* _Task to complete_: Go through the following data and transcribe exactly the stretch of lines from the one holding "Green Short Silk Kurta Set" to the one holding "Drewniaki damskie Naturfeet", both included.
═══ Data ═══
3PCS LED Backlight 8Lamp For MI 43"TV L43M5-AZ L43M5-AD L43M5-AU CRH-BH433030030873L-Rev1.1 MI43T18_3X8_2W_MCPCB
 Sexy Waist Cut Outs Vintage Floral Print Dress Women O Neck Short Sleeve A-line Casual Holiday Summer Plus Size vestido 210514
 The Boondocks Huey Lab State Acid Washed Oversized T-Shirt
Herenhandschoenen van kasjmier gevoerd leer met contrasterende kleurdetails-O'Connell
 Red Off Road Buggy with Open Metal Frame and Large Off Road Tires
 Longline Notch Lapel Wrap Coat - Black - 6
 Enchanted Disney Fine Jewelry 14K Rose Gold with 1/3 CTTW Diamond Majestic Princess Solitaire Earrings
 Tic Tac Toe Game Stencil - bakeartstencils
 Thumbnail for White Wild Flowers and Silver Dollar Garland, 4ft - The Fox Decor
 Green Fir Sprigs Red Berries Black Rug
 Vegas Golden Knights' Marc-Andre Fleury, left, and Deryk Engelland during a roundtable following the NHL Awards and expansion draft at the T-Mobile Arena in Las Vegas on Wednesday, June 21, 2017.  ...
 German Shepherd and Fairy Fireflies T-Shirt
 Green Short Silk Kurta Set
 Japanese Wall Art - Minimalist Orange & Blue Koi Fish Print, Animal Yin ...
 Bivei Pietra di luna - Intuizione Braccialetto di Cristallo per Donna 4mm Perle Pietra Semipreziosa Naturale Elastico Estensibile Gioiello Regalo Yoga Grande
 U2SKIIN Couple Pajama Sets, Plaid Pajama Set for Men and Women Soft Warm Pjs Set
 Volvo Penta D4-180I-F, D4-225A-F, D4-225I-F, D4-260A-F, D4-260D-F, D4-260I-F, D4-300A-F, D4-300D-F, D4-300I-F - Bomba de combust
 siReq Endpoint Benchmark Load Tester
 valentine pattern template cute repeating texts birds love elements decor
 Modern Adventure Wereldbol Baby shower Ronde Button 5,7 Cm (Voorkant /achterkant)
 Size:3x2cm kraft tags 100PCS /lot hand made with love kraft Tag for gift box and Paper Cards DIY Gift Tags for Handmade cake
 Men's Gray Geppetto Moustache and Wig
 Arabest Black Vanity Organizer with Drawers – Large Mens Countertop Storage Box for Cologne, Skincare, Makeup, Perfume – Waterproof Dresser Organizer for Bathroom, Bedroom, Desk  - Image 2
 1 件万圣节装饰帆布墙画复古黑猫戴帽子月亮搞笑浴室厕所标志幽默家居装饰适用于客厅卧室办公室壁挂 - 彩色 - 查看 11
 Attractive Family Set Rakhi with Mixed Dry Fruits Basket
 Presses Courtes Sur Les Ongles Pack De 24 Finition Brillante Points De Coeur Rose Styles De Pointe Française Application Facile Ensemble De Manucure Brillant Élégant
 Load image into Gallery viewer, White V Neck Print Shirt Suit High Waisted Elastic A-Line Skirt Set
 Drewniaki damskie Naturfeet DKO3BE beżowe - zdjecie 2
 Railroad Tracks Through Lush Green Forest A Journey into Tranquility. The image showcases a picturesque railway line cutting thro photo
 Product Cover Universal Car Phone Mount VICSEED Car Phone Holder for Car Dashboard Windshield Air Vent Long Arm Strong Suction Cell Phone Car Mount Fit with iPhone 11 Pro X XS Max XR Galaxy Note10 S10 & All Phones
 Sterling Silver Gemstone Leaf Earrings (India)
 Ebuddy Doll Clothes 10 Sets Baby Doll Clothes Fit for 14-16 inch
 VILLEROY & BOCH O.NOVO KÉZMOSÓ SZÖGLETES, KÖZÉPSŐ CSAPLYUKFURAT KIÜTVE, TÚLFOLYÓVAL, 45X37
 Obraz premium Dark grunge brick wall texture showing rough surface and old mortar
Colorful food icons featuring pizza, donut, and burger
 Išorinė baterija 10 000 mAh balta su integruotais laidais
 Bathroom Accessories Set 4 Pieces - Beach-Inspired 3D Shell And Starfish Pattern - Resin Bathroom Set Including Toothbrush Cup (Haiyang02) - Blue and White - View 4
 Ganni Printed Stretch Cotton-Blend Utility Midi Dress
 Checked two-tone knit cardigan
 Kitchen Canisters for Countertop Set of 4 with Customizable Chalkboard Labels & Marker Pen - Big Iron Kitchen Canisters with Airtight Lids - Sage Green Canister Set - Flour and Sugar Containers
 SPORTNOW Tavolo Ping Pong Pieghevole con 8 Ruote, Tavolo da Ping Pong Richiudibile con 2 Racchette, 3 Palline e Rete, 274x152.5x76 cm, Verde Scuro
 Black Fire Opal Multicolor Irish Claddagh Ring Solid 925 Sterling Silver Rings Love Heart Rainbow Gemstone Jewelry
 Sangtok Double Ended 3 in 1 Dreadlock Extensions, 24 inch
═══
* _Output below_:
 Green Short Silk Kurta Set
 Japanese Wall Art - Minimalist Orange & Blue Koi Fish Print, Animal Yin ...
 Bivei Pietra di luna - Intuizione Braccialetto di Cristallo per Donna 4mm Perle Pietra Semipreziosa Naturale Elastico Estensibile Gioiello Regalo Yoga Grande
 U2SKIIN Couple Pajama Sets, Plaid Pajama Set for Men and Women Soft Warm Pjs Set
 Volvo Penta D4-180I-F, D4-225A-F, D4-225I-F, D4-260A-F, D4-260D-F, D4-260I-F, D4-300A-F, D4-300D-F, D4-300I-F - Bomba de combust
 siReq Endpoint Benchmark Load Tester
 valentine pattern template cute repeating texts birds love elements decor
 Modern Adventure Wereldbol Baby shower Ronde Button 5,7 Cm (Voorkant /achterkant)
 Size:3x2cm kraft tags 100PCS /lot hand made with love kraft Tag for gift box and Paper Cards DIY Gift Tags for Handmade cake
 Men's Gray Geppetto Moustache and Wig
 Arabest Black Vanity Organizer with Drawers – Large Mens Countertop Storage Box for Cologne, Skincare, Makeup, Perfume – Waterproof Dresser Organizer for Bathroom, Bedroom, Desk  - Image 2
 1 件万圣节装饰帆布墙画复古黑猫戴帽子月亮搞笑浴室厕所标志幽默家居装饰适用于客厅卧室办公室壁挂 - 彩色 - 查看 11
 Attractive Family Set Rakhi with Mixed Dry Fruits Basket
 Presses Courtes Sur Les Ongles Pack De 24 Finition Brillante Points De Coeur Rose Styles De Pointe Française Application Facile Ensemble De Manucure Brillant Élégant
 Load image into Gallery viewer, White V Neck Print Shirt Suit High Waisted Elastic A-Line Skirt Set
 Drewniaki damskie Naturfeet DKO3BE beżowe - zdjecie 2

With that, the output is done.